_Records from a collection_
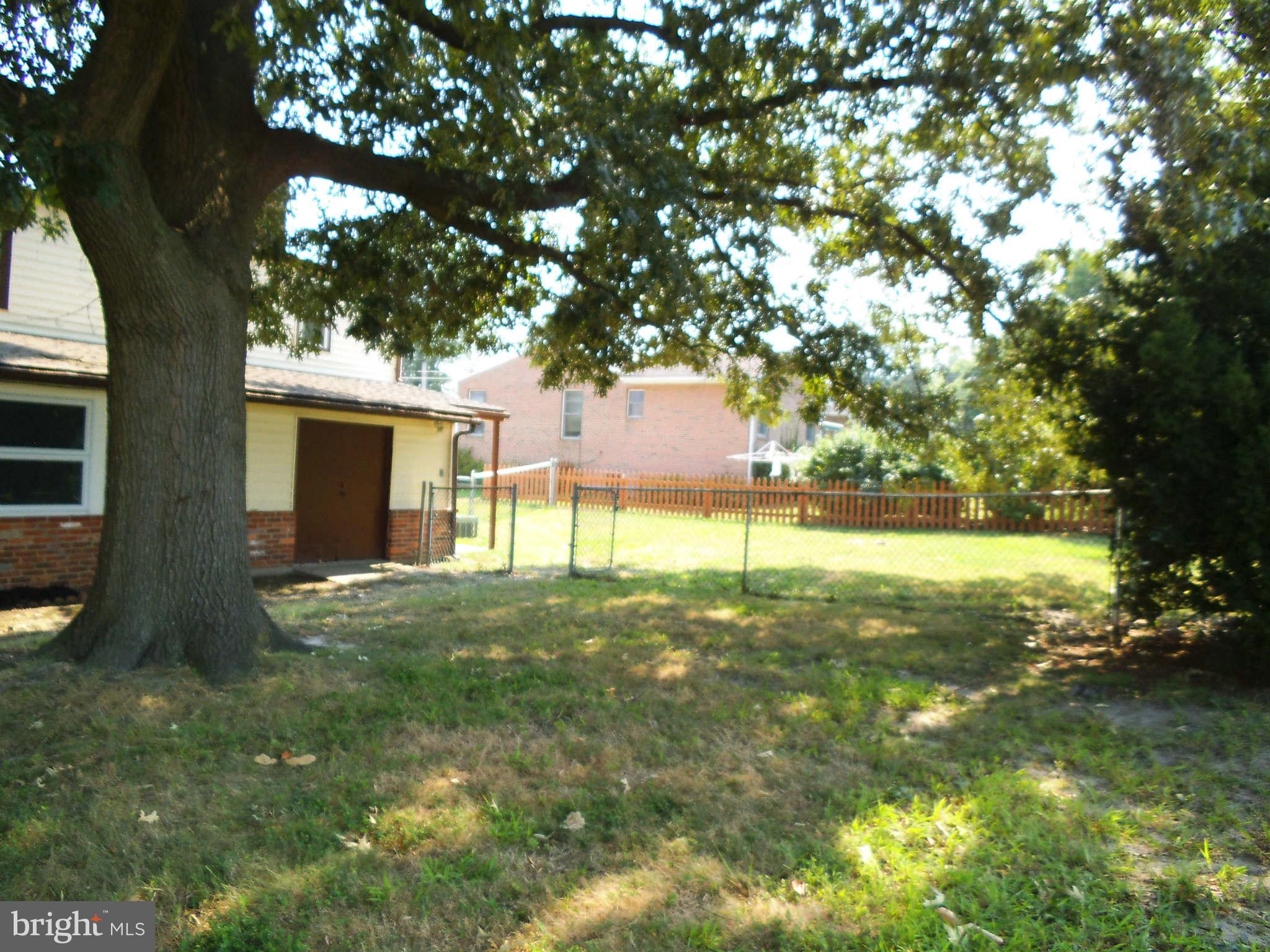 8486 Byrd Road Pasadena, MD 21122 - Photo 6 of 25 View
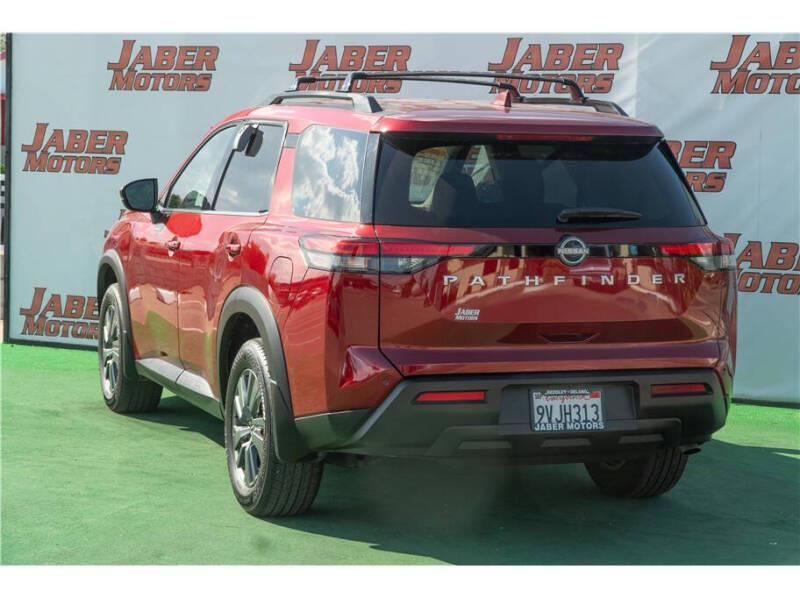 2025 Nissan Pathfinder SV
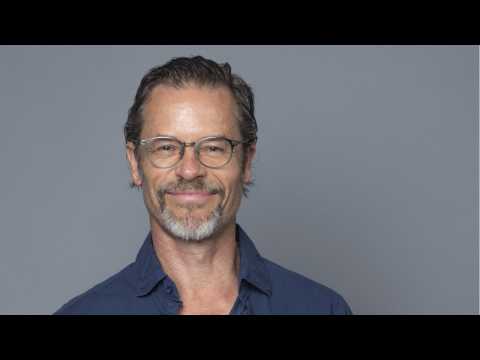 VIDEO : Guy Pearce Reveals Netflix Discourages Actors Talking About ?Binge Watching?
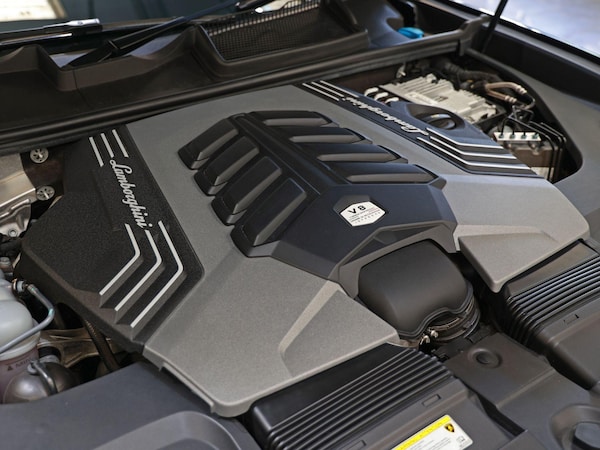 Used Lamborghini Urus 2021 for sale - 75186237: Photo 32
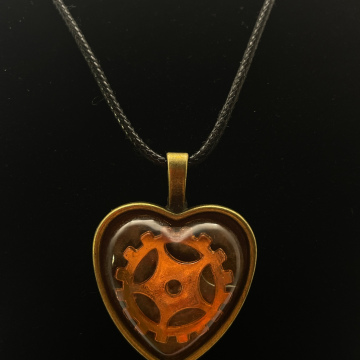 Collier cabochon coeur engrenage or rose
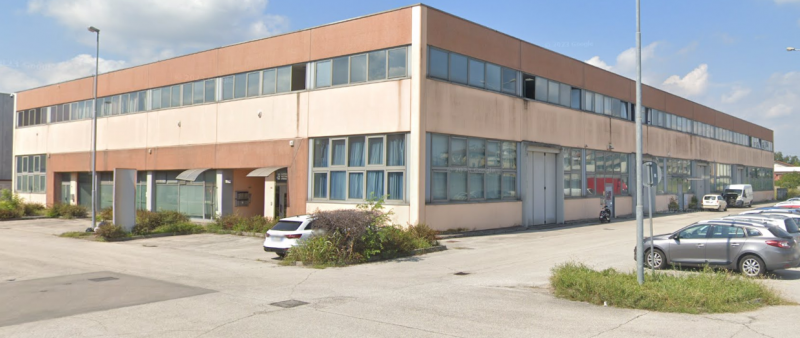 In zona industriale di Vicenza Ovest, precisamente in Via dell’Edilizia, proponiamo un luminoso l...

_Exercise aim_
Above are entries with pictures among them. Write out exactly the lines from the one containing "2025 Nissan Pathfinder SV" through the one containing "Collier cabochon coeur engrenage or rose", ends included, and leave those pictures out.

_Expected output_
 2025 Nissan Pathfinder SV
 VIDEO : Guy Pearce Reveals Netflix Discourages Actors Talking About ?Binge Watching?
 Used Lamborghini Urus 2021 for sale - 75186237: Photo 32
 Collier cabochon coeur engrenage or rose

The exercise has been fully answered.